An introduction to Linda Gregg, by Jessica Burton


Linda Gregg Review
By Jessica Burton
            Linda Gregg is the well-known author of many poetry books.  Her ideas are inspired from her surroundings, so much so that she claims that she always dresses in neutral palates in order to avoid having a distraction from the outside world.  Her daily life is said to be filled with always attempting to write.  She sets out goals for herself, such as, write a poem before noon, or else she has to sit down and write up words for each letter of the alphabet over and over again until she is inspired to write.  This type of commitment to her work really shows how she is able to come up with so many great ideas for her poems.
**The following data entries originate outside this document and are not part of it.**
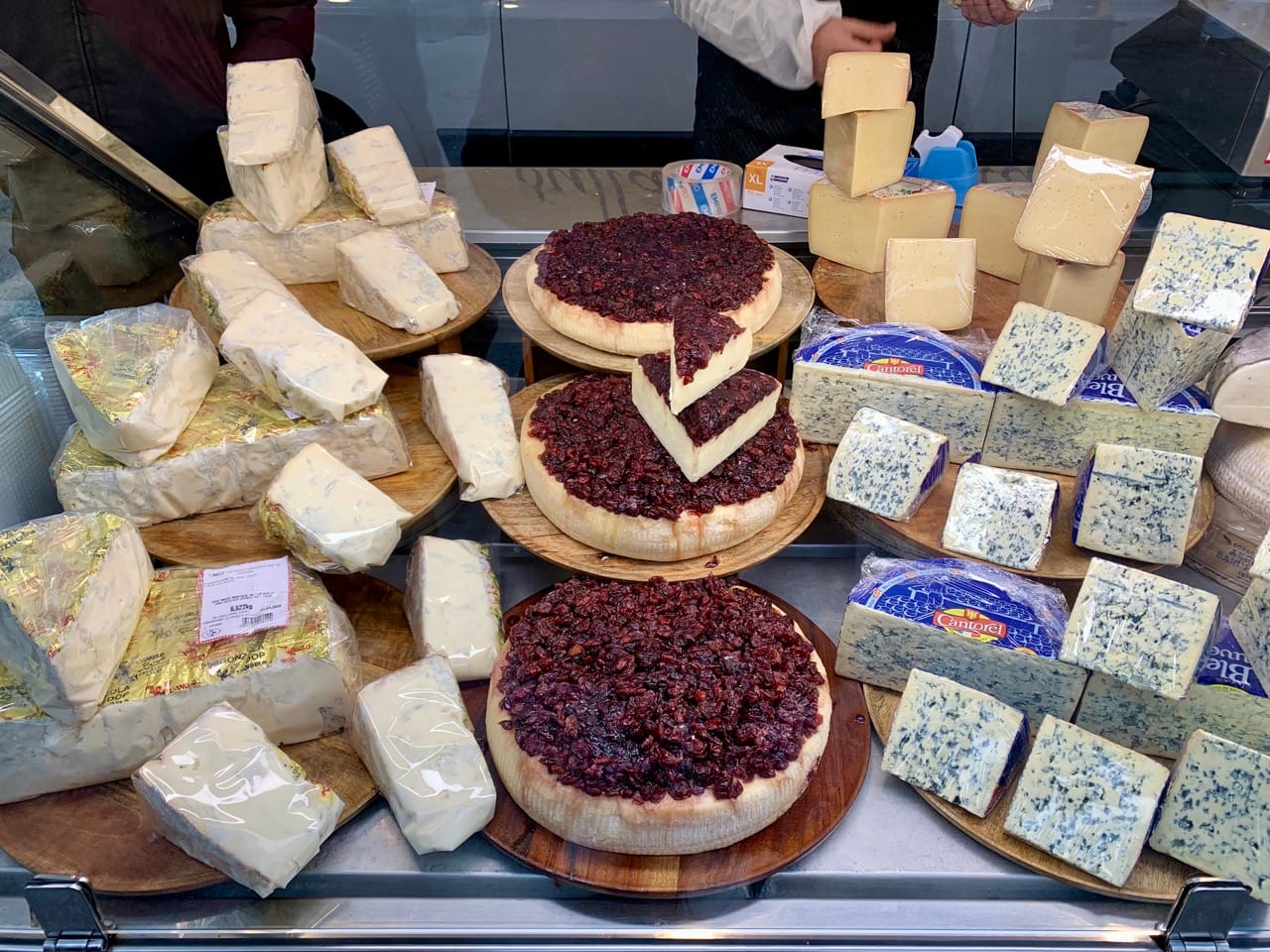 Cheeses from Val d'Aosta on sale at Carrù in December.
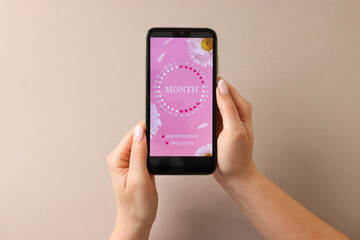 Menstruation. Woman holding smartphone with period calendar application on beige background, top view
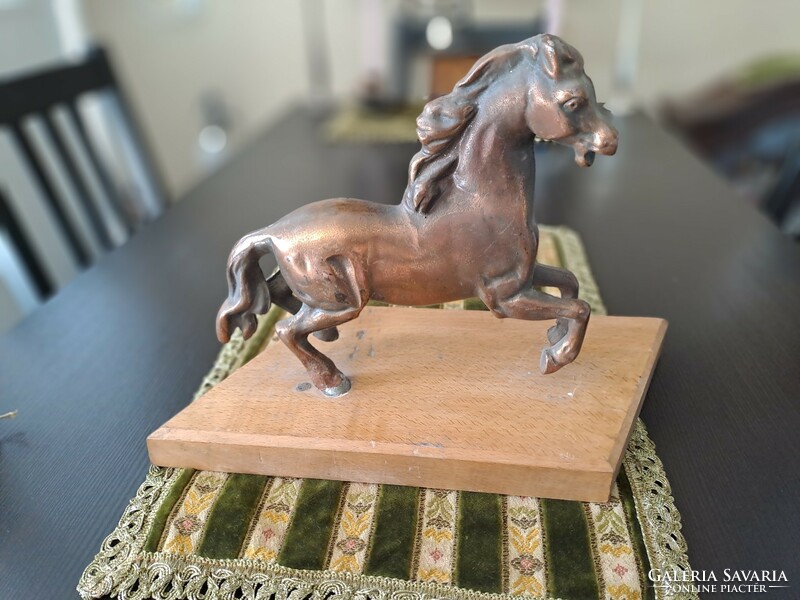 Bronzed horse on pedestal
            Common links between her poems are the details within each of them.  She pulls in multiple descriptions from her home and nature in order to convey her messages.  At first the details may seem like many other poems, la ist of what is around the area and nothing too spectacular, but then she pulls in an unexpected element.  In Watching the Last Boat, Gregg is describing a boat crash and the wood splitting apart, and then becoming indiscernible in the evening light.  A mention of a painting and her sadness in seeing it is then written about.  The painting had nothing to do with the boat’s crash, but she pulled it together with her feelings for the crashing boat and her feeling for leaving the painting both being sadness.  The boat and the painting are both conveying the death of something; the boat is no longer and the painting was purposefully the last of Rembrandt’s.  I believe that she is trying to convey feelings with showing them in different ways in hopes that people will understand at least one of them and then be able to understand the other through it.
            Her reasoning for her writing style was that it helps for her to see what her life looks like when she is always trying to describe it.  She had even said, “everything that’s worth remembering is sensational.”  So she writes her life into her poems in order for her to remember it; it’s almost as if each poem is a different story in her life and if they were all put together they would form her autobiography.
            Butler University was very lucky in being able to have such an imaginative writer visit our school.  Gregg’s poems are well recognized within the literature community and her descriptive and truthful pieces could very well be considered works of art through words.  I would recommend her works to any person wanting to view the world through a new looking glass.